Los Angeles Dodgers Secure the Championship, However for Hispanic Supporters, It's Complex
For a lifelong Dodgers fan and third-generation Mexican American, the crowning moment of the World Series didn't happen during the tense finale last Saturday, when her squad pulled off multiple death-defying escape act after another before prevailing in extra innings against the Toronto Blue Jays.
It came a game earlier, when two supporting players, Kike Hernández and the Venezuelan infielder, pulled off a thrilling, decisive play that at the same time upended numerous negative stereotypes promoted about Latinos in the past decades.
The moment in itself was breathtaking: the outfielder charged in from the outfield to snag a ball he at first lost in the bright lights, then threw it to the infield to record another, decisive out. Rojas, positioned nearby, received the ball moments before a runner collided with him, sending him to the ground.
This wasn't just a remarkable athletic moment, perhaps the decisive turn in the series in the team's favor after looking for much of the series like the weaker team. To her, it was exhilarating, on multiple levels, a much-required uplift for the community and for Los Angeles after a period of immigration raids, security forces monitoring the streets, and a constant drumbeat of criticism from official sources.
"The players presented this alternative story," said Molina. "The world saw Latinos showing an infectious pride and joy in what they do, being leaders on the team, exhibiting a distinct kind of masculinity. They're bombastic, they're cheering, they're taking off their shirts."
"This represented such a contrast with what we observe on the news – raids, Latinos thrown to the ground and chased down. It's so simple to be demoralized right now."
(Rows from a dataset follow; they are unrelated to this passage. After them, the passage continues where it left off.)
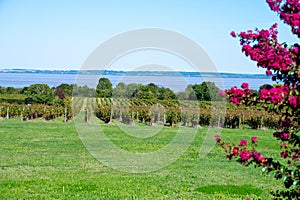 View on green vineyards, wine domain or chateau in Haut-Medoc red wine making region, Bordeaux, left bank of Gironde Estuary,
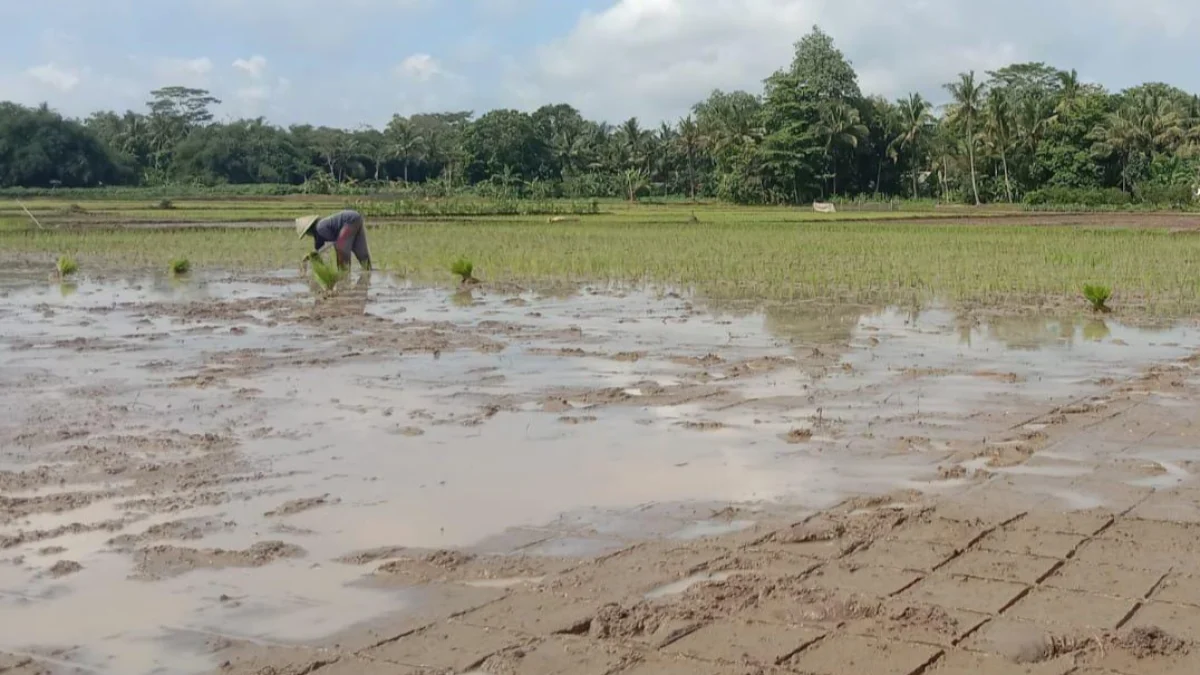 Pesawahan di Kota Banjar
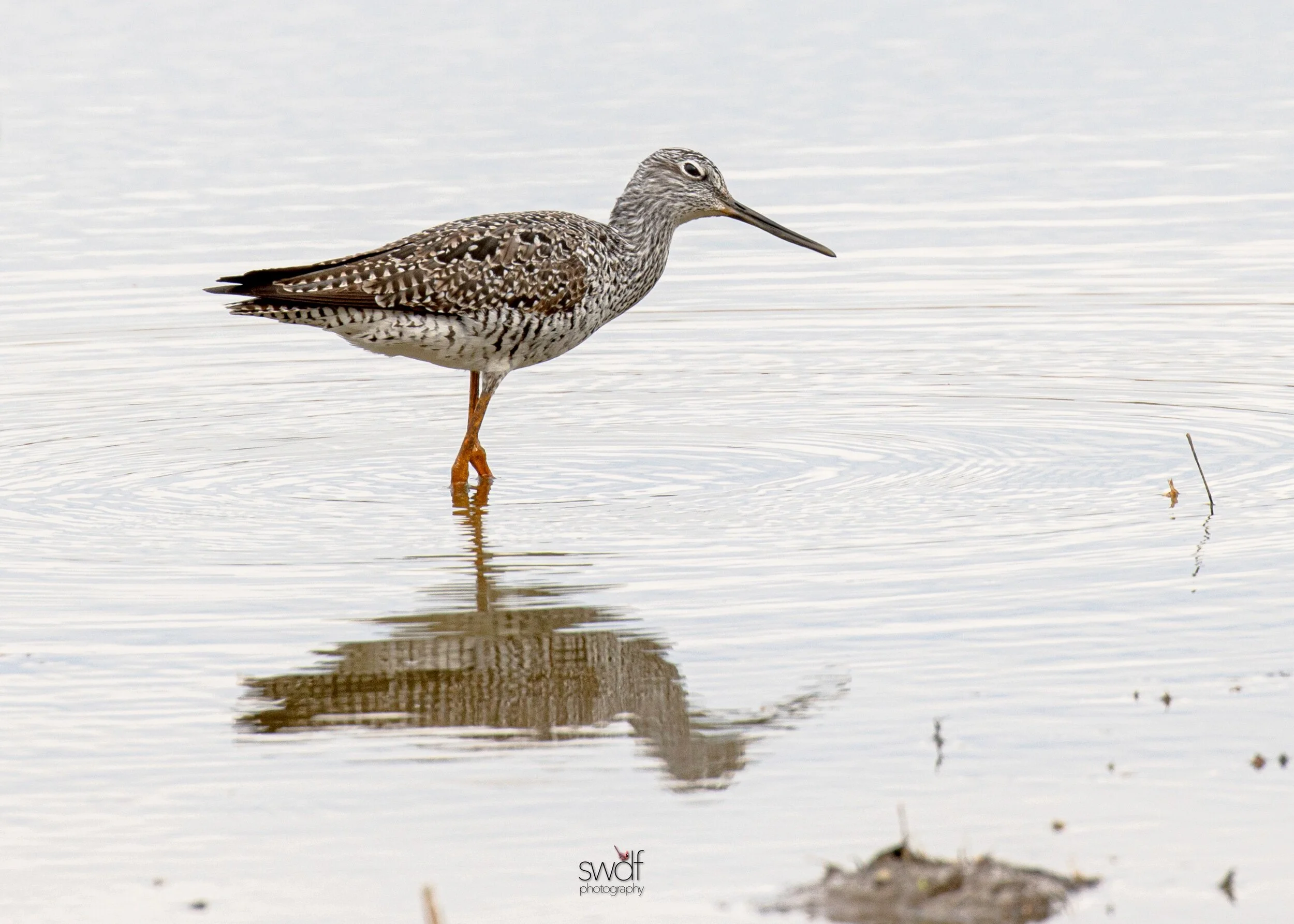 Greater Yellowlegs6 - Sandy Ridge.jpeg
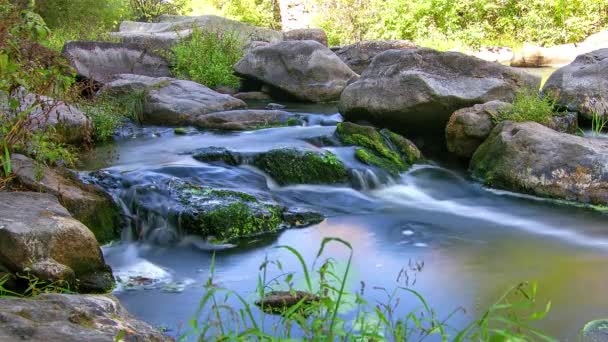 水の急流 ぼやけた白い渓流水と緑のコケに覆われた岩の時間の経過によって実行速度が森林ストリームの時間の経過 渓流水と緑コケに覆われた岩 山ストリーム時間経過 コケの岩森林ストリームの森川 — ストック動画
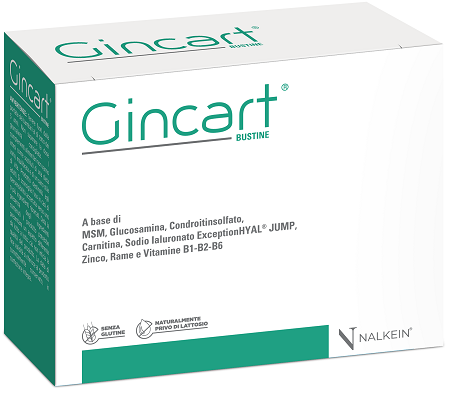 GINCART 18 BUSTINE image not present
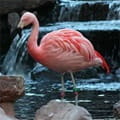 Flamingo Casino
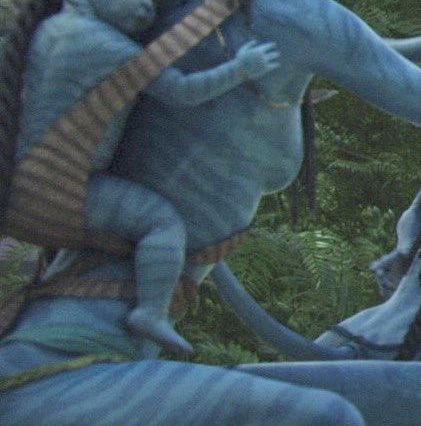 Neteyam’s Third Hair Bead tweet media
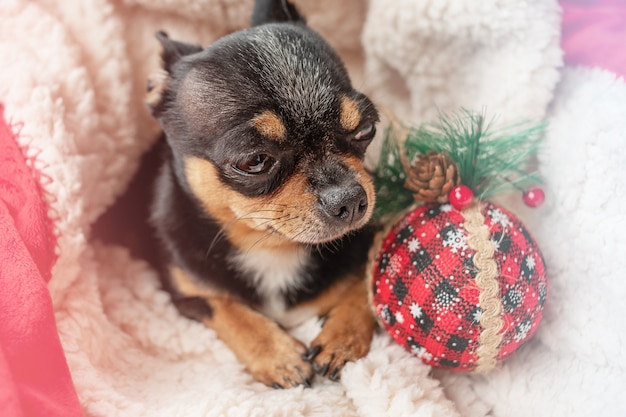Chihuahua cane nero in un plaid di Capodanno con un giocattolo di Natale. Animale domestico e Natale.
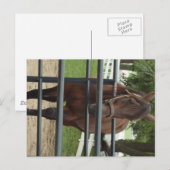Carte Postale cheval souriant (Devant / Derrière)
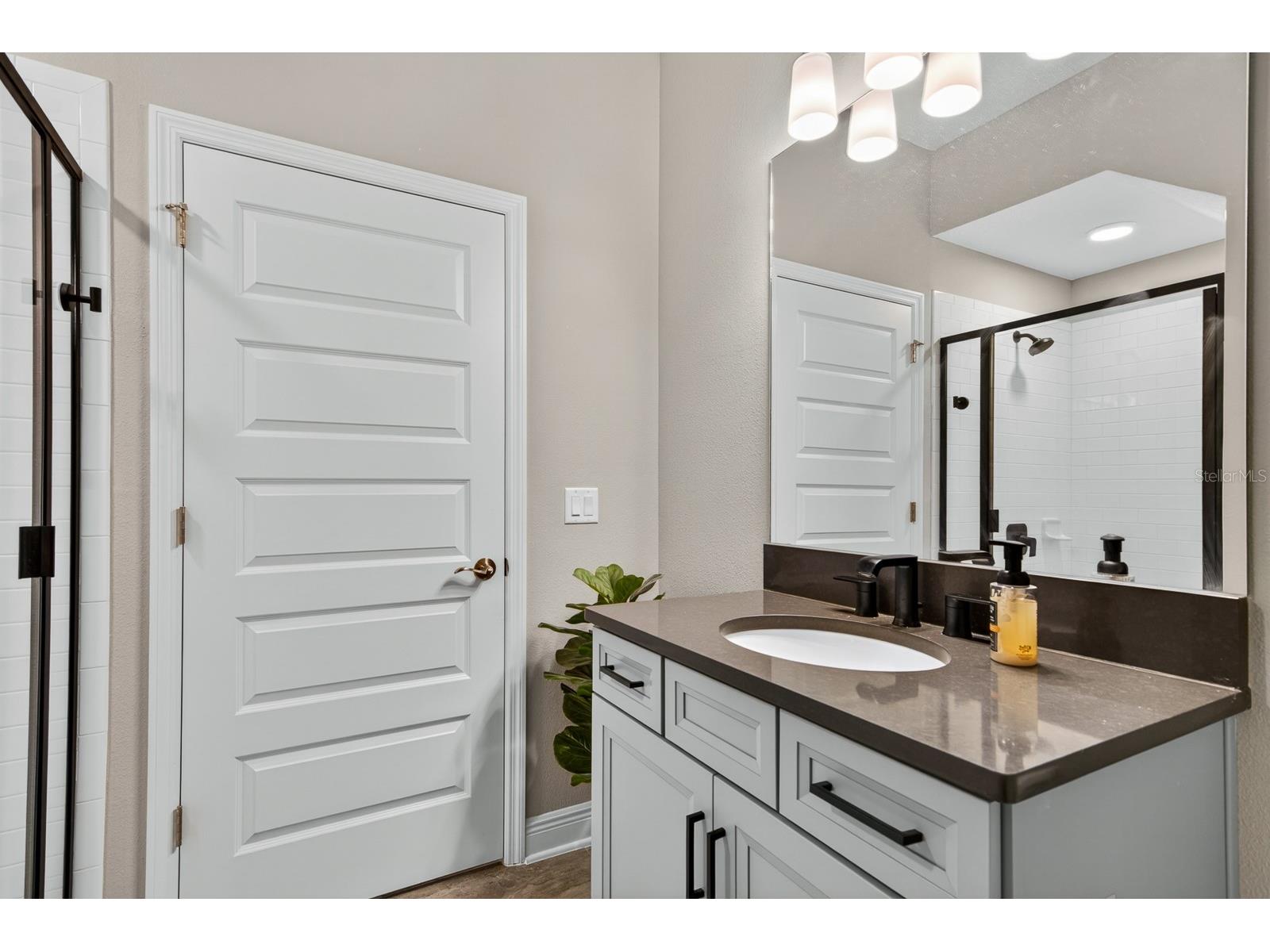 7241 Notched Pine Bend Wesley Chapel FL 33545 TB8509260 image25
However, it's entirely simple to be a Dodgers supporter these days – for Molina or for the many of other Latinos who attend faithfully to home games and occupy as many as 50% of the stadium's fifty thousand seats each time.
A Mixed Connection with the Team
After intensified immigration raids began in Los Angeles in early June, and national guard troops were deployed into the area to react to resulting demonstrations, two of the city's soccer clubs promptly issued messages of support with affected communities – while the baseball team.
Management stated the Dodgers want to stay away of political issues – a stance influenced, possibly, by the reality that a sizable minority of the supporters, including Latinos, are followers of certain leaders. Under significant external demands, the team later pledged $one million in aid for families personally impacted by the operations but made no official condemnation of the administration.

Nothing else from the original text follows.